Badger is a manufacturer of wood, metal and plastic patterns used by foundries. For many years it has employed workers represented by the Pattern Makers’ League of North America, Pattern Makers’ Association of Milwaukee and Vicinity *796 (“Union”). Under the terms of its 1980-83 collective bargaining agreement with Union (the “CBA”), Badger was obligated to make contributions to Trust’s pension fund (the “Fund”), calculated on the basis of all hours worked by Badger employees at tasks historically performed by pattern makers. CBA 1120.2 specified the hourly contribution rate and CBA ¶ 20.4 incorporated the terms of the Agreement and Declaration of Trust (the “Declaration”) creating Trust.
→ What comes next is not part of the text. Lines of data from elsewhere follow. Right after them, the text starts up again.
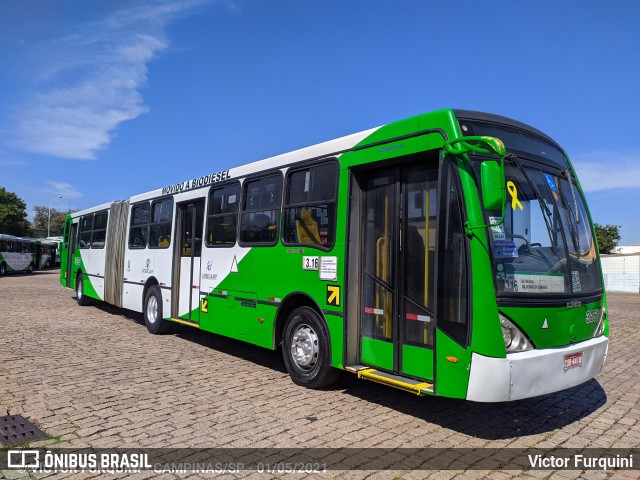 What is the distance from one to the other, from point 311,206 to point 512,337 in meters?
3.01

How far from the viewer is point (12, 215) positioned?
173 feet

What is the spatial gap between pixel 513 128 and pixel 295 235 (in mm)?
2971

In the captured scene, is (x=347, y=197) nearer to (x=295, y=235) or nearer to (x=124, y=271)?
(x=295, y=235)

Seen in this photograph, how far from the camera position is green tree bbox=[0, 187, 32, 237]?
172 ft

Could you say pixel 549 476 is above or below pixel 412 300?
below

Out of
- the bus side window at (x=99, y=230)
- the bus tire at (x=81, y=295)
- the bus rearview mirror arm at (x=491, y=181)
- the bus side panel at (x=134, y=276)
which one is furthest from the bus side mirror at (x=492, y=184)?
the bus tire at (x=81, y=295)

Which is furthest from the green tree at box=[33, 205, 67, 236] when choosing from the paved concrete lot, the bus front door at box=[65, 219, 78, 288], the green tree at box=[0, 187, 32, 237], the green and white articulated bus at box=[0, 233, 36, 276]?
the paved concrete lot

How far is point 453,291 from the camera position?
4500 millimetres

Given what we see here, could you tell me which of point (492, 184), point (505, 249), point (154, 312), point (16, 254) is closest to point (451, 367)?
point (505, 249)

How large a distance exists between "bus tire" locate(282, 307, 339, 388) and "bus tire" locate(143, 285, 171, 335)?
453 cm

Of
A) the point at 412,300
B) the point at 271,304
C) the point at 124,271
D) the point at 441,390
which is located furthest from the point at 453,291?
the point at 124,271

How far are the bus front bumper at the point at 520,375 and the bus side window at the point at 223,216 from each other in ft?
15.5

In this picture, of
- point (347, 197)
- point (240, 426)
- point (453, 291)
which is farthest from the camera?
point (347, 197)

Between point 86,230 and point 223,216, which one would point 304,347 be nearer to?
point 223,216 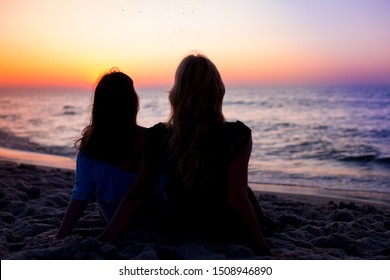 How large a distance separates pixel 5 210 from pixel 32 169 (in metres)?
3.45

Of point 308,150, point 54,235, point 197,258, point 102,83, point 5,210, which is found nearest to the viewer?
point 197,258

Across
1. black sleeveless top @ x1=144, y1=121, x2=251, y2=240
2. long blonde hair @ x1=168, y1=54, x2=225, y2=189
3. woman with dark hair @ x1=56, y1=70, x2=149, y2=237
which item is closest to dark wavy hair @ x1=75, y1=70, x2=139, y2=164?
woman with dark hair @ x1=56, y1=70, x2=149, y2=237

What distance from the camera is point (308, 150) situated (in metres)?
15.6

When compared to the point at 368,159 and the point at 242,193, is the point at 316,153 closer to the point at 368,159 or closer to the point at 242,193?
the point at 368,159

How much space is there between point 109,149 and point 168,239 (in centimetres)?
86

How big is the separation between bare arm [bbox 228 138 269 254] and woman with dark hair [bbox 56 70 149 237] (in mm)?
867

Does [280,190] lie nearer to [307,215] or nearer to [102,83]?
[307,215]

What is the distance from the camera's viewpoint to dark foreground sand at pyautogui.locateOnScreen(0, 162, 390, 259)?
136 inches

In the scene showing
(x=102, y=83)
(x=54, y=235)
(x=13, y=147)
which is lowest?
(x=13, y=147)

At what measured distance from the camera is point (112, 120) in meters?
3.72

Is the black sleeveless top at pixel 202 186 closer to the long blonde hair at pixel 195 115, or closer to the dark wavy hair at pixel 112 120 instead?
the long blonde hair at pixel 195 115

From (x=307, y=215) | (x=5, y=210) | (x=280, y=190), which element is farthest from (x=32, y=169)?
(x=307, y=215)

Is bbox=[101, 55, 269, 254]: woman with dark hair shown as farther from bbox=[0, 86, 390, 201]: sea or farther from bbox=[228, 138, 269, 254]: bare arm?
bbox=[0, 86, 390, 201]: sea

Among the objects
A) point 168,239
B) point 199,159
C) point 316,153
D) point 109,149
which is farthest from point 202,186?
point 316,153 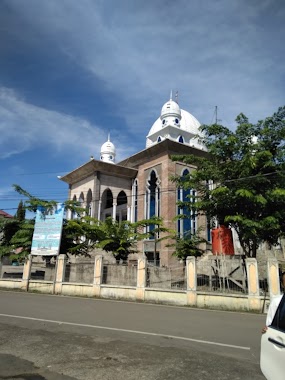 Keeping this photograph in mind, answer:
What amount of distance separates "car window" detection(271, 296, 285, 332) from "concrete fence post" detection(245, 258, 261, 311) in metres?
10.1

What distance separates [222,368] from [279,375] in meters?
2.37

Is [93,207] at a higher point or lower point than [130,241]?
higher

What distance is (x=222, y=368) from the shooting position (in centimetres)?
485

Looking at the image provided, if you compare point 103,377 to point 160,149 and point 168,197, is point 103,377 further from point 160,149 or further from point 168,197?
point 160,149

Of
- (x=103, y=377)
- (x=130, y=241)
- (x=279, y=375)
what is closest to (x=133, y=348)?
(x=103, y=377)

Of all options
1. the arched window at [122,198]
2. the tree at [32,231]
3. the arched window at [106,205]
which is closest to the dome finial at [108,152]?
the arched window at [106,205]

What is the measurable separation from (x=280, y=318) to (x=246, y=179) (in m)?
11.8

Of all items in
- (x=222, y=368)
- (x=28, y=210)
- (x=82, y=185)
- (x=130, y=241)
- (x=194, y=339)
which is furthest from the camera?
(x=82, y=185)

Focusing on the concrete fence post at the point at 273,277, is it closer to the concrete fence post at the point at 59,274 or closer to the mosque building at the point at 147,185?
the mosque building at the point at 147,185

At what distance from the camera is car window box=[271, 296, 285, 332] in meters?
3.00

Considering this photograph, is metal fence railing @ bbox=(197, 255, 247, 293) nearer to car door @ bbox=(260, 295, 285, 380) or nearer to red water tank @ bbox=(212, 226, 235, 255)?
red water tank @ bbox=(212, 226, 235, 255)

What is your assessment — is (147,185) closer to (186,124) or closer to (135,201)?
(135,201)

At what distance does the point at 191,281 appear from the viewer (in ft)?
45.3

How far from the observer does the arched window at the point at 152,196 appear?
1017 inches
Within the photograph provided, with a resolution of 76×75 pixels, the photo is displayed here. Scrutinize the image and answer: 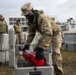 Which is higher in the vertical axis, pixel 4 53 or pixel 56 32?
pixel 56 32

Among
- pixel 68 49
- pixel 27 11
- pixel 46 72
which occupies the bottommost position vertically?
pixel 68 49

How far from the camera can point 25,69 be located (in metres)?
4.92

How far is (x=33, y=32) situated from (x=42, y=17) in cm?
117

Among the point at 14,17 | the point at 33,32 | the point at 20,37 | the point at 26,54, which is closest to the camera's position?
the point at 26,54

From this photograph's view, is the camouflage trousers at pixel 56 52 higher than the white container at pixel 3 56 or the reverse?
higher

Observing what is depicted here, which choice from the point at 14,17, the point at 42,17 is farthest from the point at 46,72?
the point at 14,17

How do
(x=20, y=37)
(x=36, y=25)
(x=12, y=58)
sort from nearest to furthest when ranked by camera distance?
1. (x=36, y=25)
2. (x=12, y=58)
3. (x=20, y=37)

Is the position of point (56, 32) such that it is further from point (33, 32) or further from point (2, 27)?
point (2, 27)

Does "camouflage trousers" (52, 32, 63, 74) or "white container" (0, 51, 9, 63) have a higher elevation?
"camouflage trousers" (52, 32, 63, 74)

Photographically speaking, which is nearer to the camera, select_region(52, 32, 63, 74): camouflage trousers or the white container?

Declaration Art. VI, § 1 sets out the basis for contributions to the Fund:

In order to effectuate the purposes hereof, each Employer shall contribute to the Fund the amount required by any written agreement as defined herein between the Union or the Trust and the Employer. The rate of contribution shall at all times be governed by the applicable written Agreement then in force and effect, together with any amendments, supplements or modifications thereto provided, however, that in the case of an Employer who is required to make contributions by reason of his being party to a written agreement other than a Collective Bargaining Agreement the amount of contribution shall be identical to the amount required by the Collective Bargaining Agreement in effect between the Employer Association and the Local Union having jurisdiction over the geographic area in which the covered Employees perform work. If no Employer Association exists within the geographical area then the rate of contribution shall be at the highest negotiated rate between the Union and the Employer existing in the geographical area within the jurisdiction of the Local Union, unless otherwise determined by the Trustees.
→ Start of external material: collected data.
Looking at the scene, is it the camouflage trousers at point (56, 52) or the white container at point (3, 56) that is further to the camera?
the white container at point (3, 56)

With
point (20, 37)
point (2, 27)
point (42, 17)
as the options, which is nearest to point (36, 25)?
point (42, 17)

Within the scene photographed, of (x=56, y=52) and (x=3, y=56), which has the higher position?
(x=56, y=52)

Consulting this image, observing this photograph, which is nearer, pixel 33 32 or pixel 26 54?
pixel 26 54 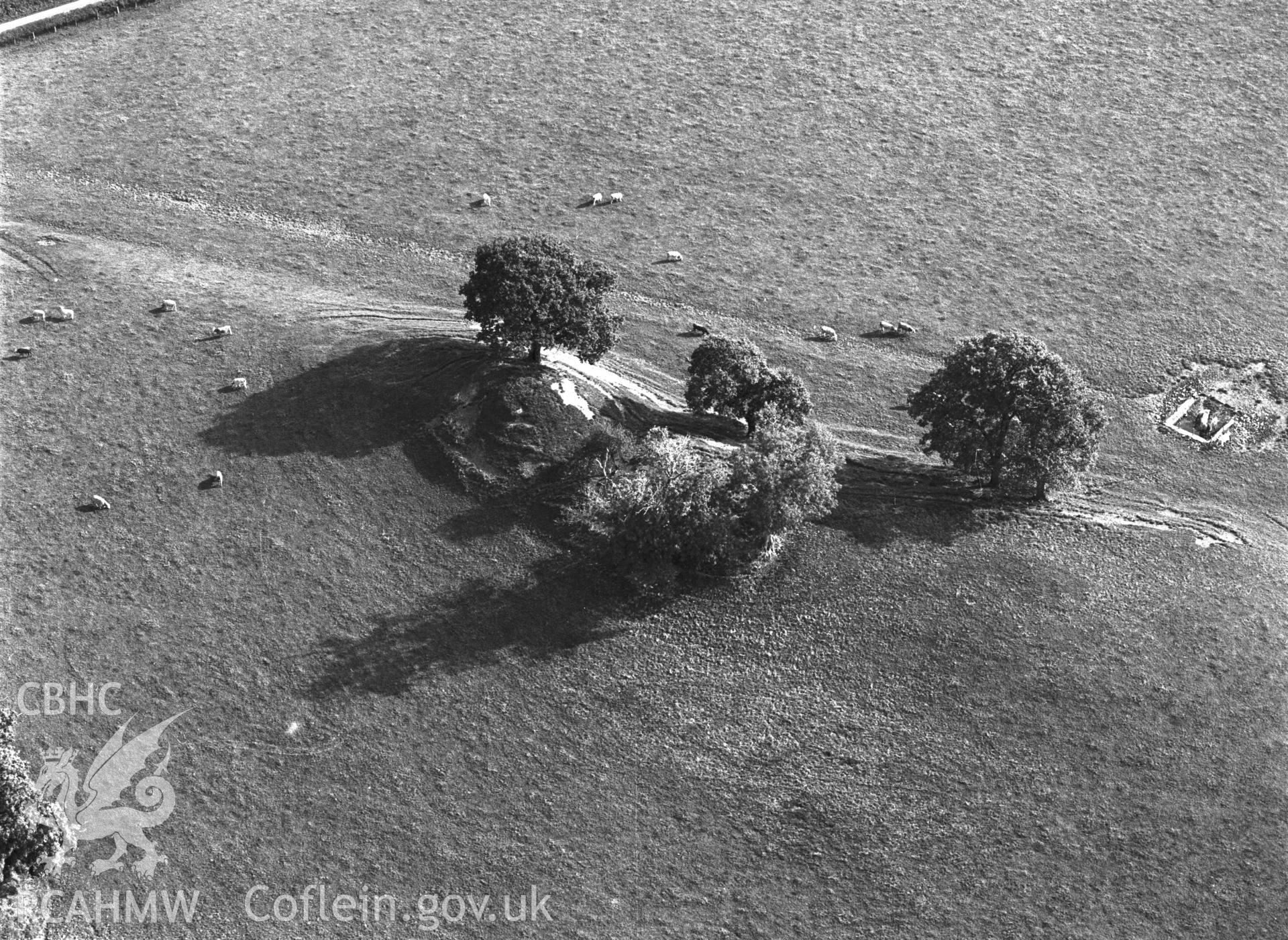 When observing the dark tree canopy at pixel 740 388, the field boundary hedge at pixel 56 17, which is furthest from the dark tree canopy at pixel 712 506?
the field boundary hedge at pixel 56 17

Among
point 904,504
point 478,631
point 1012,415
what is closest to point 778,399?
point 904,504

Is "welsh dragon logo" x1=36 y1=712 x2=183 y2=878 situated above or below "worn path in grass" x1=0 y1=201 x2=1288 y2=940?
below

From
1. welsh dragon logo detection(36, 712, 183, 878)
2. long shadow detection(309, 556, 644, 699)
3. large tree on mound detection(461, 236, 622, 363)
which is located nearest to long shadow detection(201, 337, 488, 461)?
large tree on mound detection(461, 236, 622, 363)

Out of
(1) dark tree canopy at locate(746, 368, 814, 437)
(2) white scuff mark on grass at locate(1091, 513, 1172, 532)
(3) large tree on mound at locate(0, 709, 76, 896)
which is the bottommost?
(3) large tree on mound at locate(0, 709, 76, 896)

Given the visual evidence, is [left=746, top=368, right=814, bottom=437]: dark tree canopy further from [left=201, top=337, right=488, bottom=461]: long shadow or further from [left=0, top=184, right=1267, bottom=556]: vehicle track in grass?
[left=201, top=337, right=488, bottom=461]: long shadow

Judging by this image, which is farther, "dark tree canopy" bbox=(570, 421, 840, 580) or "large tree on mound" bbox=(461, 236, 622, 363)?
"large tree on mound" bbox=(461, 236, 622, 363)

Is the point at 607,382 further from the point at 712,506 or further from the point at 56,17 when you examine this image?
the point at 56,17

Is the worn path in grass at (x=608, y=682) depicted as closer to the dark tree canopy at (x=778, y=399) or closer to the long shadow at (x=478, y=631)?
the long shadow at (x=478, y=631) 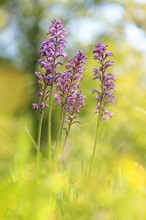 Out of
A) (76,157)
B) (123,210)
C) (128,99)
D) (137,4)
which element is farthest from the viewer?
(137,4)

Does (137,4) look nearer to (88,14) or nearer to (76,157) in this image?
(88,14)

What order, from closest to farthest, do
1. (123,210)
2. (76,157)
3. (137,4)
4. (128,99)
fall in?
(123,210) < (76,157) < (128,99) < (137,4)

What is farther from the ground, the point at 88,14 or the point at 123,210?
the point at 88,14

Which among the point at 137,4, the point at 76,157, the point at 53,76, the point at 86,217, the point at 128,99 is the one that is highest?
the point at 137,4

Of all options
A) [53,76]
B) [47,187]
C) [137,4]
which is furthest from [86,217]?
[137,4]

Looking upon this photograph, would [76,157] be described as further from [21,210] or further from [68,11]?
[68,11]

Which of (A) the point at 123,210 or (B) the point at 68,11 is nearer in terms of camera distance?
(A) the point at 123,210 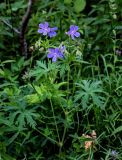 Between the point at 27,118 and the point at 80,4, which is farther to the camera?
the point at 80,4

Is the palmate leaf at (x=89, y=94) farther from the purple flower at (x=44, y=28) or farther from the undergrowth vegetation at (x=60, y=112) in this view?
the purple flower at (x=44, y=28)

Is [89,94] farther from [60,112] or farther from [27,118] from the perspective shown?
[27,118]

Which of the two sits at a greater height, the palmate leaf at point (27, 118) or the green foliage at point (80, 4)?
the green foliage at point (80, 4)

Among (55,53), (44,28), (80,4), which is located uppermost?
(80,4)

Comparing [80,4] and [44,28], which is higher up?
[80,4]

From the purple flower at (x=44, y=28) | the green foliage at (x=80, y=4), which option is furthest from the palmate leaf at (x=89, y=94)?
the green foliage at (x=80, y=4)

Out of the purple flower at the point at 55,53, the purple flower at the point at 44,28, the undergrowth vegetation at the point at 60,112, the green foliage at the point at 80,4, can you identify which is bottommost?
the undergrowth vegetation at the point at 60,112

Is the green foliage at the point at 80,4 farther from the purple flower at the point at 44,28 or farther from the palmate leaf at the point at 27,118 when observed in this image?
the palmate leaf at the point at 27,118

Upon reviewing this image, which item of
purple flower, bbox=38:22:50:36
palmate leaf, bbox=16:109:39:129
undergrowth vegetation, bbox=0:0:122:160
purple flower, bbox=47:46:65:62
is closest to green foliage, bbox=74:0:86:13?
undergrowth vegetation, bbox=0:0:122:160

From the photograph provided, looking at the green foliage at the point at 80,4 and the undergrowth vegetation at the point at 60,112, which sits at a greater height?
the green foliage at the point at 80,4

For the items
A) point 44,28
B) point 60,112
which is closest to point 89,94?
point 60,112

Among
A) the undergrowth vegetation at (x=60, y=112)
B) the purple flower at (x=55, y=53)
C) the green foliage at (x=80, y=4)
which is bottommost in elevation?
the undergrowth vegetation at (x=60, y=112)

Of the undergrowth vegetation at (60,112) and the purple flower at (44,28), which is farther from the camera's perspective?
the purple flower at (44,28)

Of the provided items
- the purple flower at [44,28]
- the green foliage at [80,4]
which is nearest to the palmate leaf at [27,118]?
the purple flower at [44,28] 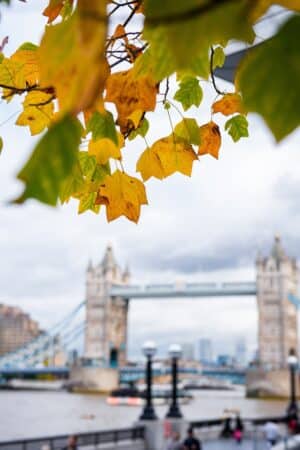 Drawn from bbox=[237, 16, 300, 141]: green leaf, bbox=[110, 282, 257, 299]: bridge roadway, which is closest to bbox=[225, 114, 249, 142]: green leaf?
bbox=[237, 16, 300, 141]: green leaf

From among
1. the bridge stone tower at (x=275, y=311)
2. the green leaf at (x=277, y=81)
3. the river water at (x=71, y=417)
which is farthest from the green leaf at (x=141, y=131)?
the bridge stone tower at (x=275, y=311)

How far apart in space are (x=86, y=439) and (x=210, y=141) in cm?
1343

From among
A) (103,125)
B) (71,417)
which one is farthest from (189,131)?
(71,417)

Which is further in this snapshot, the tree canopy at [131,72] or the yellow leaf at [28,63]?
the yellow leaf at [28,63]

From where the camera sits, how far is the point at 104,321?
83750 millimetres

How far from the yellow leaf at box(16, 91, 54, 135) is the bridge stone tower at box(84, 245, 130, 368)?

Declaration Art. I, § 1 defines “Employer” in part as one who:

(e) in writing adopts and agrees to be bound by the terms and provisions of this [Declaration] as the same may be amended or modified from time to time; or (d) is a party to any written instrument which evidences an agreement to be bound by the provisions of this [Declaration].

Under Declaration Art. I, § 2(e) the term “Employee” encompasses, in addition to persons covered by a collective bargaining agreement obliging the Employer to make contributions to the Fund:

any person who is not covered by a collective bargaining agreement but on whose behalf his Employer is otherwise obligated to make contributions to the Fund in accordance with the provisions of this [Declaration] who performs work which would be work performed by members of a bargaining unit recognized by the Employer or certified by the National Labor Relations Board if said persons’ Employer were a party to any of the standard collective bargaining agreements by and between the Union and the [Pattern Manufacturers’ Association of Chicago and Vicinity],

Finally Declaration Art. I, § 11 defines the term “written agreement” as:

any agreement in writing which specifies the detailed basis on which contributions shall be made to the Fund together with any modifications, amendments or renewals thereof, including but not limited to collective bargaining agreements, memoranda of understanding which incorporate by reference collective bargaining agreements or this [Declaration], report forms in accordance with which contributions are made and which obligate the Employer to the provisions of this [Declaration], or any other agreement obligating the Employer signatory thereto to participate in or be bound by this [Declaration] and/or the Plan established pursuant hereto.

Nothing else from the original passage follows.